Collaborate. It’s as fun to go to spin class with a friend as it is to be creative with one. I first refined my crystal technique while I was hanging out at a friend’s studio. His work was in an entirely different zone, but those techniques and methods ended up being perfect for what I was doing, and I wouldn’t have known about them otherwise. Since then, some of my most exciting work has come out of collaborating on a project. I made a crystal garter for Rihanna, set a Supreme hoodie on fire for Lady Gaga, and created some crazy melted face masks for Vogue Hommes Japan. These aren’t the kind of things that I would have thought to do in my free time, but when those stylists asked me to create them, I said yes. A dialogue with people who have different skill sets and ideas can only help you enhance your own. Invite a friend or two over for a crafting or brainstorm session. I guarantee that you’ll end the night inspired.

Be confident. As a full-time designer with perpetually looming deadlines, rent, and responsibilities, I often find myself stuck, uninspired, or feeling various degrees of self-doubt. These feelings grow heavy every time I start a new collection, but I’ve mastered how to get through it. Yet there were new monsters lurking once I started writing again. When Nylon first approached me about doing a column I was over the moon, but that was soon clouded by fear and apprehension. I won creative writing awards as a pre-teen, but stopped when I got sick. I had barely written anything more than an email since college. Did I have it in me to properly tackle this wonderful opportunity? I turned to Ira Glass and his thoughts on creativity. This quote from a radio interview gets passed around the internet every few months and is worth reprinting in its entirety:

"Nobody tells this to people who are beginners, I wish someone told me. All of us who do creative work, we get into it because we have good taste. But there is this gap. For the first couple years you make stuff, it’s just not that good. It’s trying to be good, it has potential, but it’s not. But your taste, the thing that got you into the game, is still killer. And your taste is why your work disappoints you. A lot of people never get past this phase, they quit. Most people I know who do interesting, creative work went through years of this. We know our work doesn’t have this special thing that we want it to have. We all go through this. And if you are just starting out or you are still in this phase, you gotta know its normal and the most important thing you can do is do a lot of work. Put yourself on a deadline so that every week you will finish one story. It is only by going through a volume of work that you will close that gap, and your work will be as good as your ambitions. And I took longer to figure out how to do this than anyone I’ve ever met. It’s gonna take awhile. It’s normal to take awhile. You’ve just gotta fight your way through."
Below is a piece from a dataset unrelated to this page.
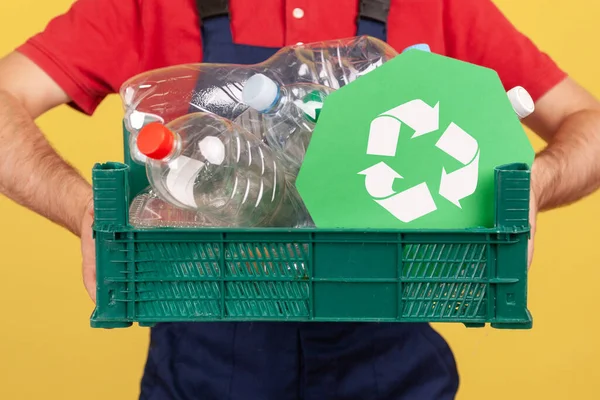 Anonymní Neznámý Dělník Drží Krabici Plastovými Lahvemi Zeleným Recyklačním Symbolem — Stock fotografie
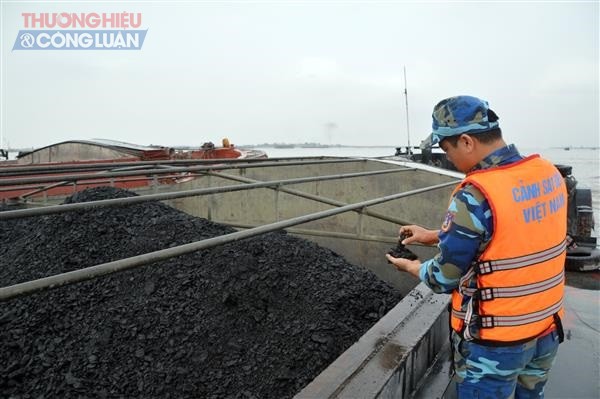 Tạm giữ tàu chở khoảng 1.000 tấn than không giấy tờ hợp pháp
I let this sit for a while, and thought about those Barbies in the attic. From the top floor to the basement of my parents' house, there’s a museum’s worth of mediocre art. Sure, some of what I did during those years was pretty damn good, but I look back on a lot of it and almost feel embarrassed for my former self. How did I ever think any of this had merit? How did I wear these weird, hand-sewn spandex pirate dresses in public? Have you ever read the rhyming poetry journal of a depressed teenager? It’s terrible! But being repeatedly terrible is what allowed me to get here, and to get better. My fear was gone, and the columns began... I just had to try. Once you start being creative, there’s nowhere to go but up.